_Given data:_
----
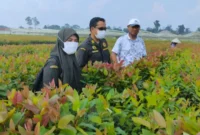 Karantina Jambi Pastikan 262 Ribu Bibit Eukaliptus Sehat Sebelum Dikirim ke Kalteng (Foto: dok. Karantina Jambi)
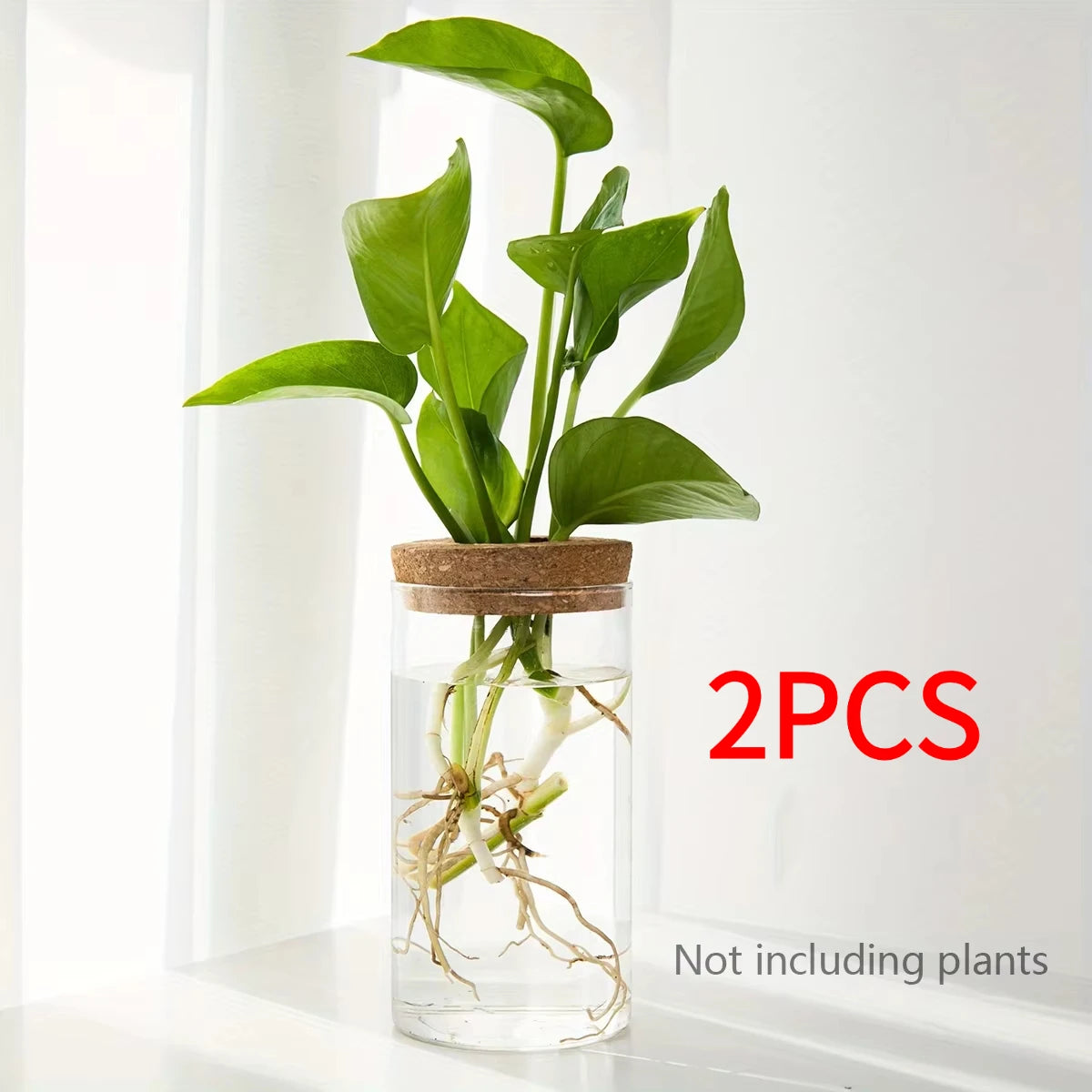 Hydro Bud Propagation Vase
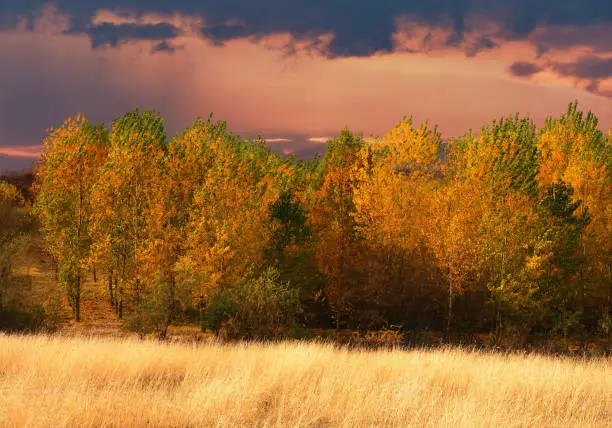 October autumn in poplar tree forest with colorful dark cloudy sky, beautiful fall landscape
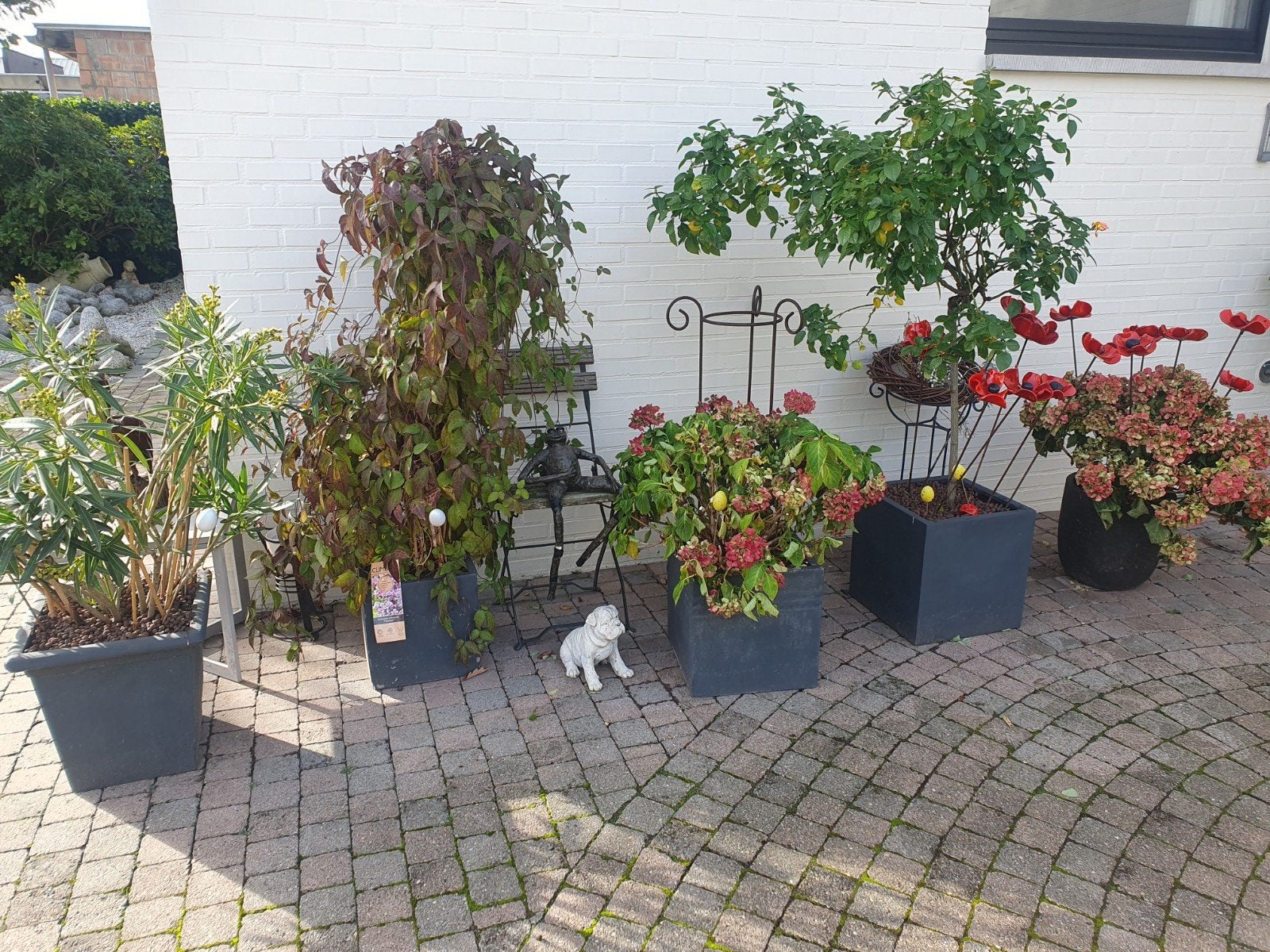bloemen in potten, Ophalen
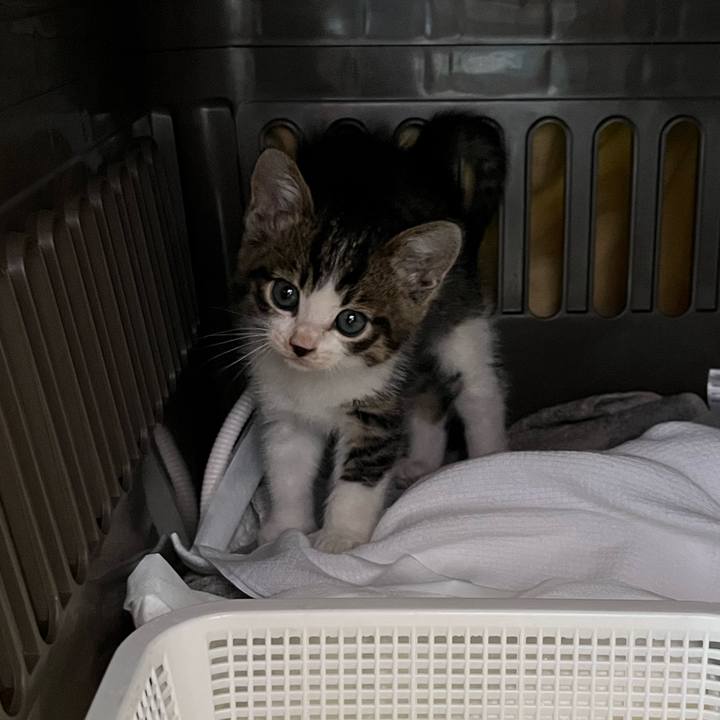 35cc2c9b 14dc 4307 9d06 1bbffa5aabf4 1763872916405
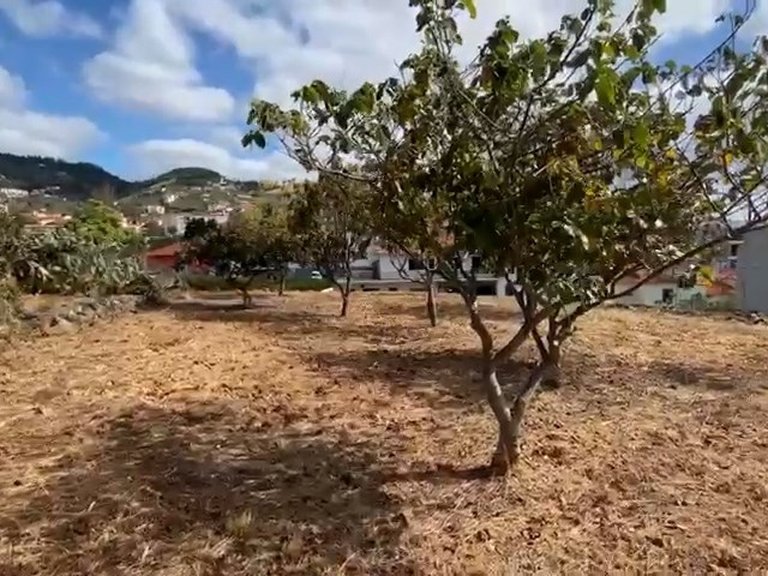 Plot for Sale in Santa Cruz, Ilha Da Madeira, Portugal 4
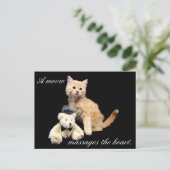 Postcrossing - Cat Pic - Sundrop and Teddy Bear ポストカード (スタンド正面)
----
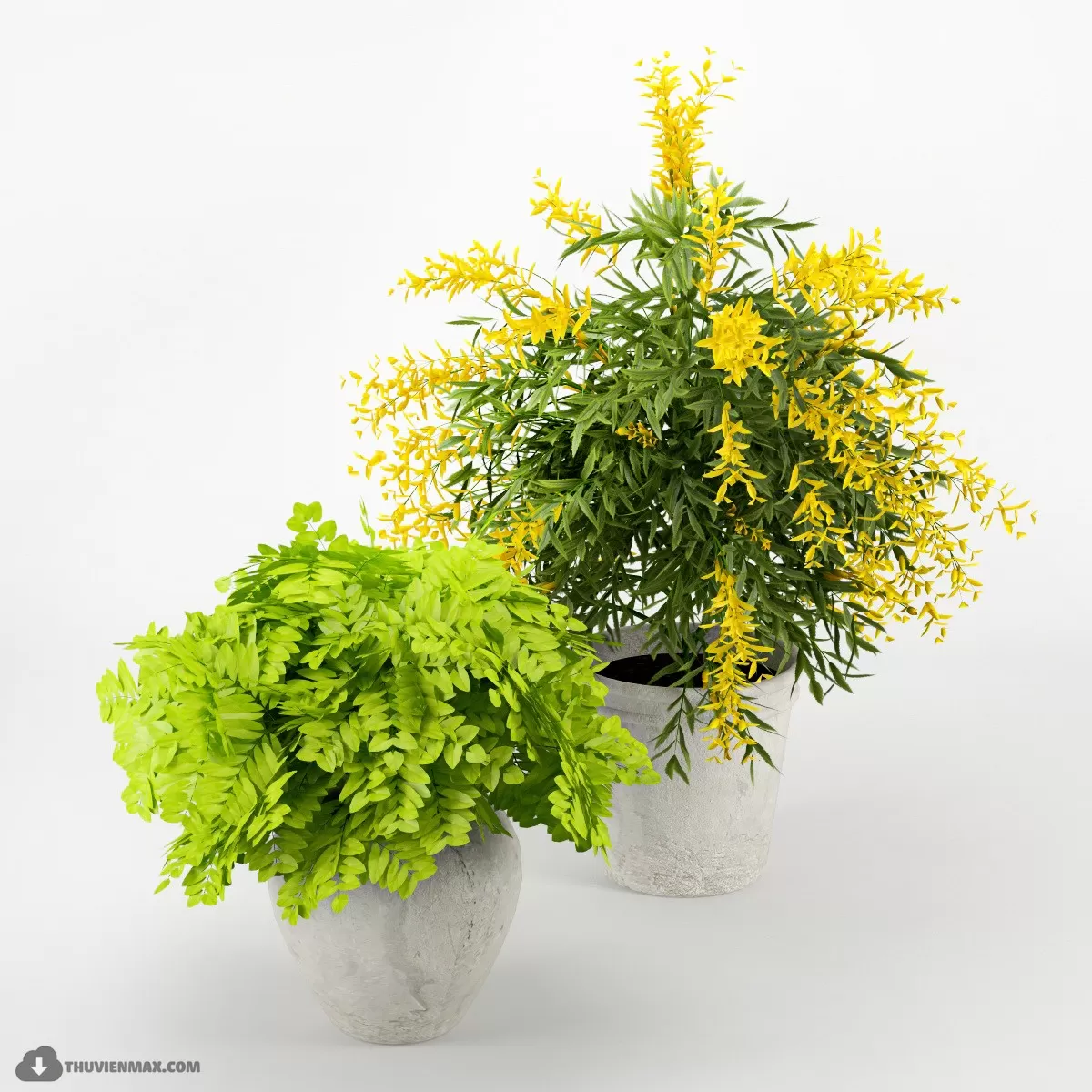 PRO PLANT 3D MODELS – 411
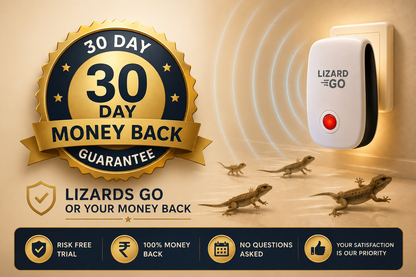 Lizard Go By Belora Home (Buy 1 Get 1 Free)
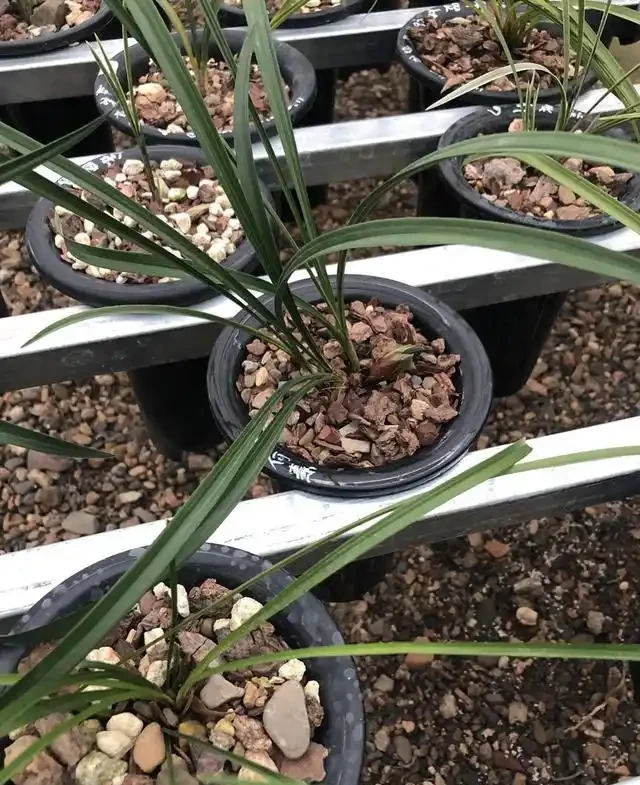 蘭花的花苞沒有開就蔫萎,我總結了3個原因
----
_Exercise goal:_ Give again the stretch of the entries above that begins at the line with "Plot for Sale" and ends at the line with "Postcrossing - Cat", word for word, with no pictures.

_Your solution:_
 Plot for Sale in Santa Cruz, Ilha Da Madeira, Portugal 4
 Postcrossing - Cat Pic - Sundrop and Teddy Bear ポストカード (スタンド正面)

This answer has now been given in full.